I am trying to implement a finite difference method on multiple GPUs, using Cooperative Groups for multi-grid synchronization. I need to transfer halo data between the devices on every iteration of the algorithm. Following CUDA 6’s release, It seems that it should be possible to execute a P2P memory transfer between devices from within the kernel code.

When I use cudaMemcpyAsync with the cudaMemcpyDeviceToDevice parameter within kernel code and set a memory region located at device 0 as the source while having a memory region located at device 1 as the destination, I get an error saying “an illegal memory access was encountered”. It works fine if the source and destination are on the same device, but this is not what I need.

Are my assumptions wrong? Is it not possible to start P2P memory transfers from within kernels?

I am compiling with the options -arch=sm_75 -rdc=true --ptxas-options=-v -lcudadevrt.

To transfer data P2P from device code, one possible approach:

  1. Place the devices in question into a P2P relationship (in host code). Refer to any of the p2p sample codes for examples.

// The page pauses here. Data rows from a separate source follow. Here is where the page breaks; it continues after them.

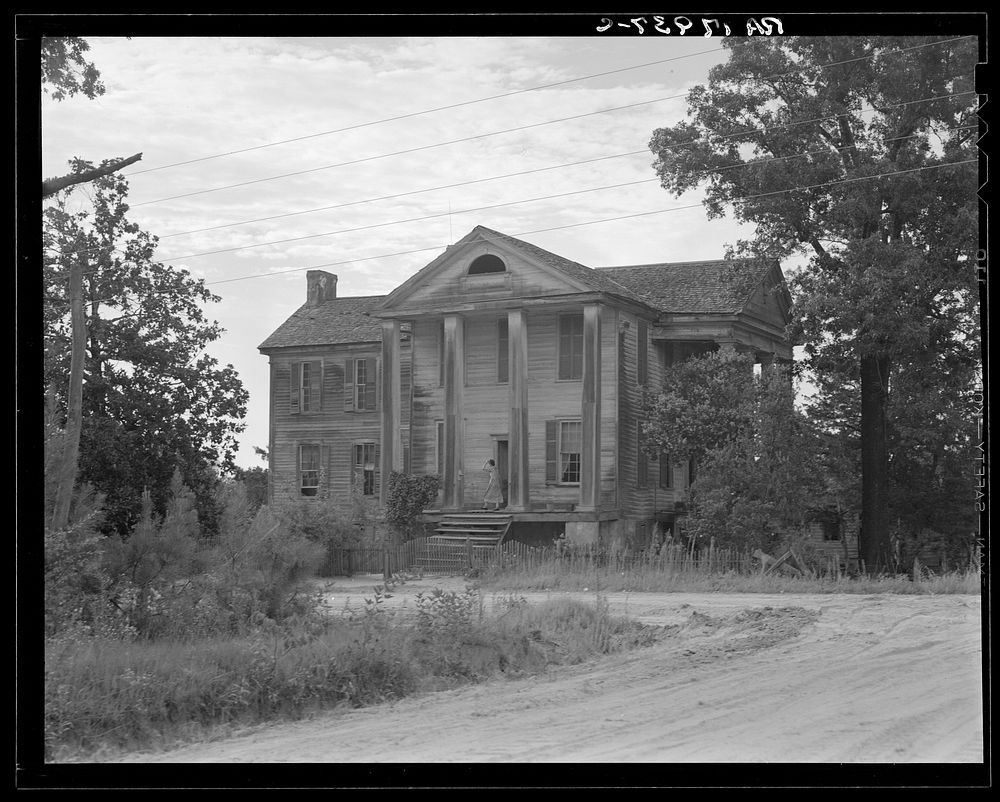 Antebellum plantation. Greene County, Georgia. Sourced from the Library of Congress.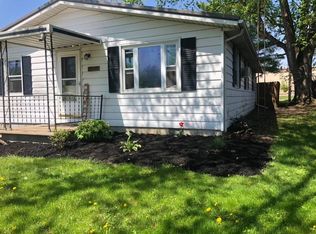 7 Blue River Dr, Columbia City, IN
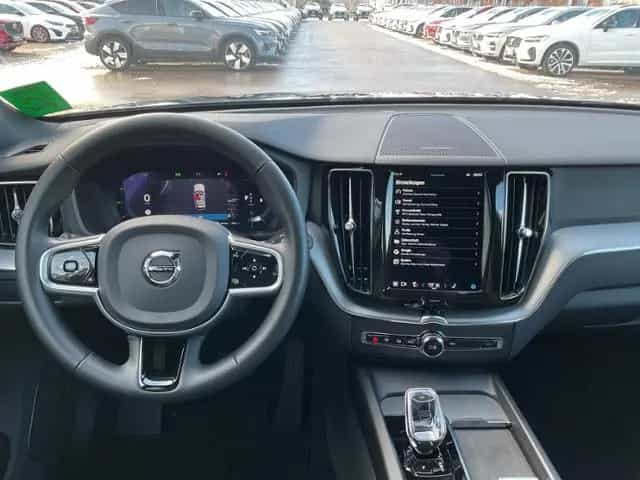 Volvo XC60 B4 Plus Dark 2WD ACC 360° Google BLIS 02/2023-photo-11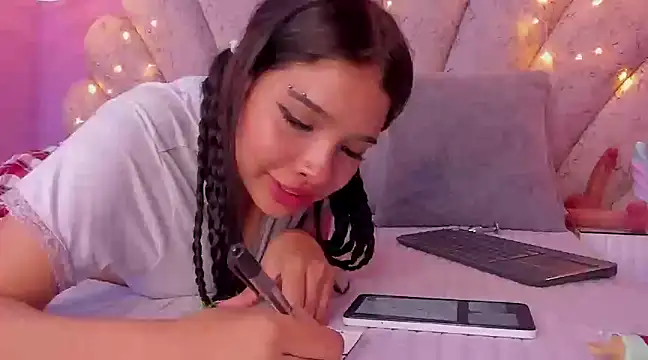 Snapshot of chloe_watson_ chatting on 03-05-25, 02:25 chloe watson online show from 03-05-25, 02:25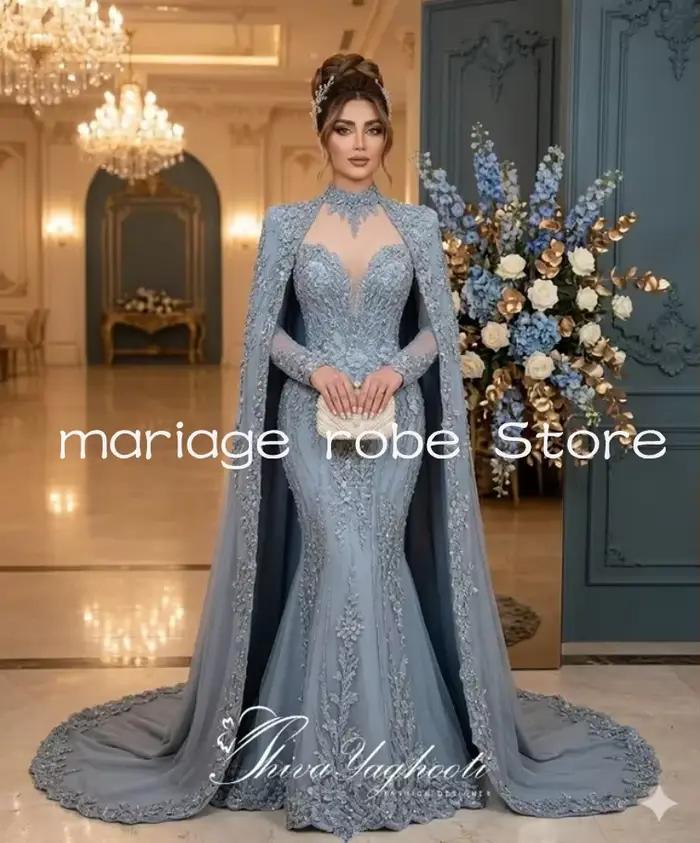 Robe de soirée caftan gris argenté avec cape à manches longues, appliques de luxe perlées, col monta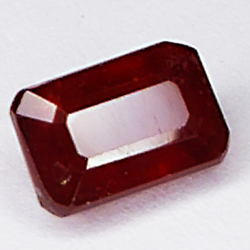 3.45ct Ruby emerald cut 9.2x5.9mm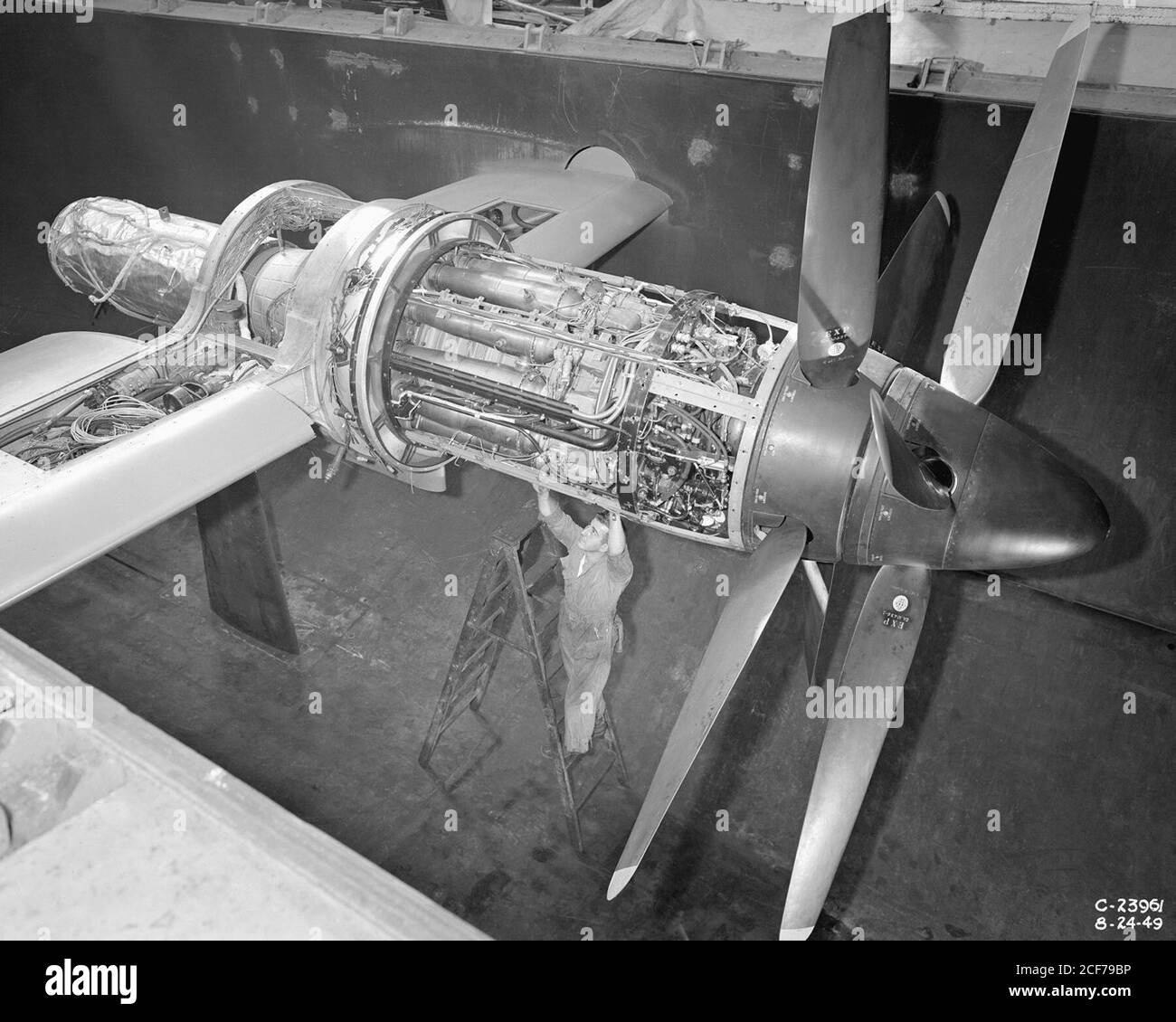 Moteur Python Install Dans Le Tunnel A rodynamique D altitude Photo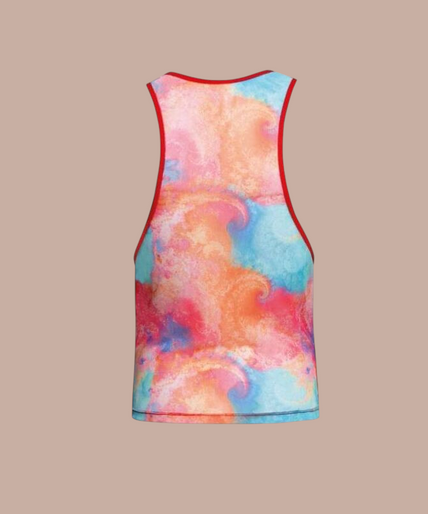 Pleasurements Anais Men Falcon top met kleurrijk abstract patroon en rode afwerking gedragen door een model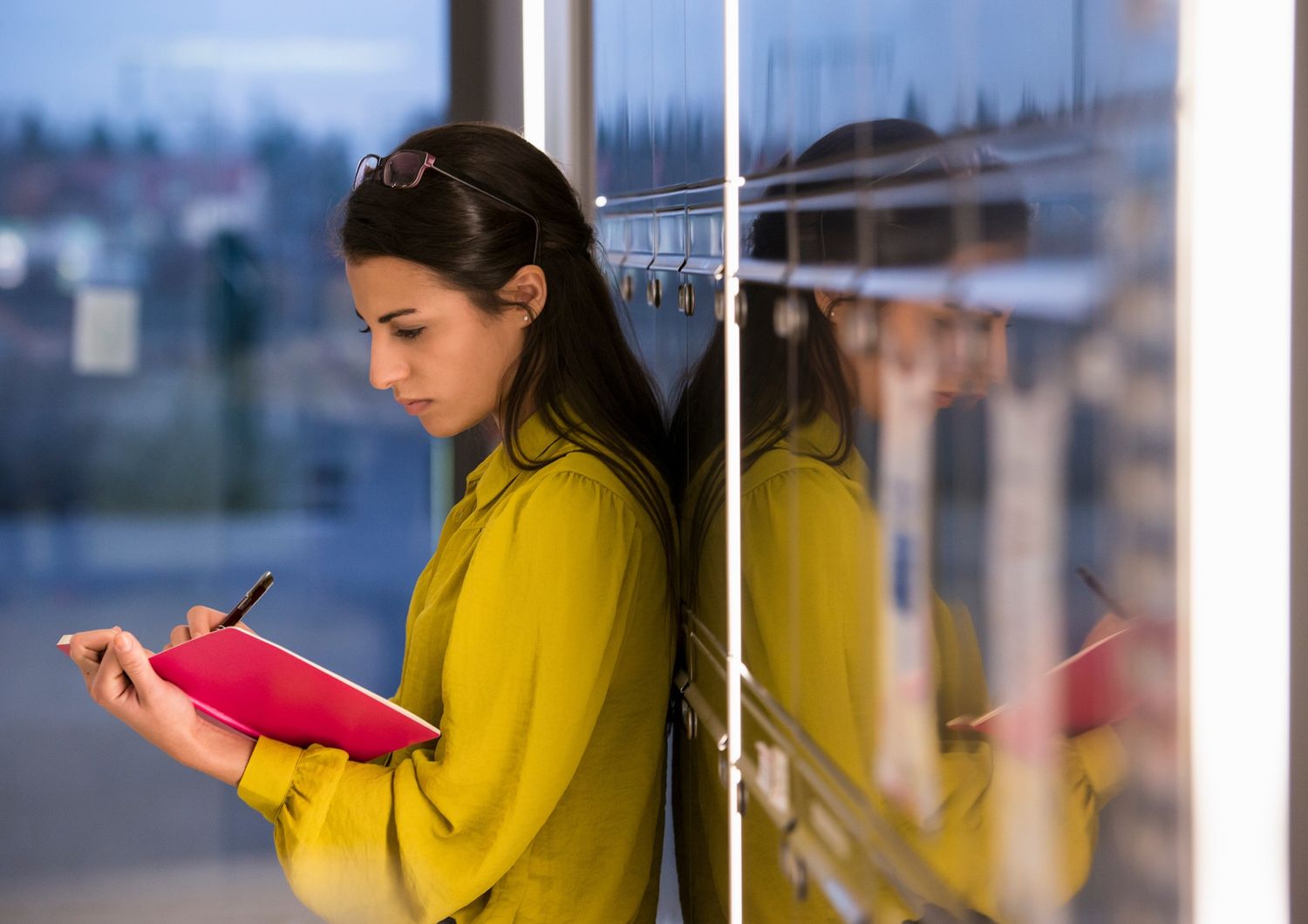 &nbsp;Una ragazza al lavoro in una azienda di design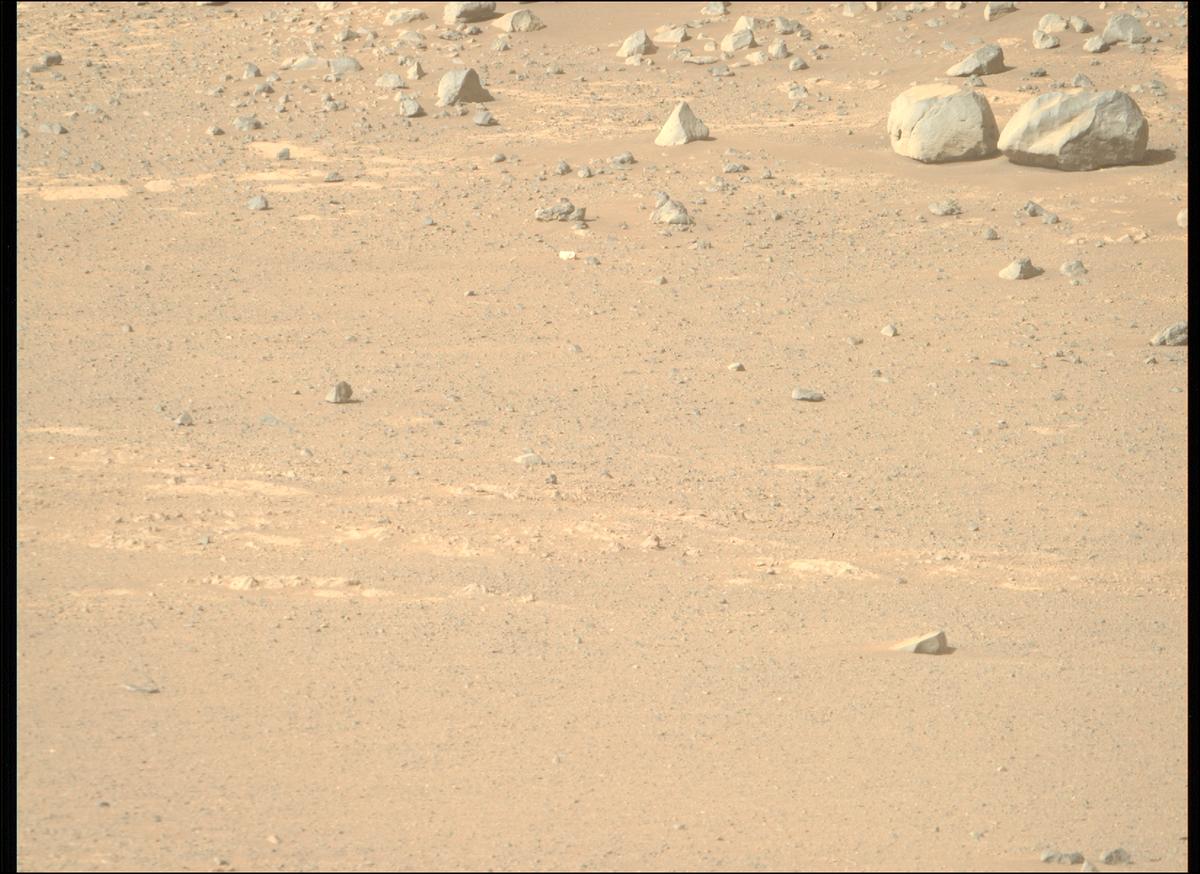 This image was taken by MCZ_RIGHT onboard NASA's Mars rover Perseverance on Sol 1717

  2. Pass pointers and copy data using ordinary load and store instructions in device code:

    for (int i = threadIdx.x+blockDim.x*blockIdx.x; i < data_size_to_transfer; i += gridDim.x*blockDim.x) device1data[i] = device0data[i];
1 Like

It seems that the problem was that P2P was not enabled before launching the kernel. I became aware that my GPUs (2x 1660Ti) did not support P2P, and therefore it worked when running on a different setup (2x 980).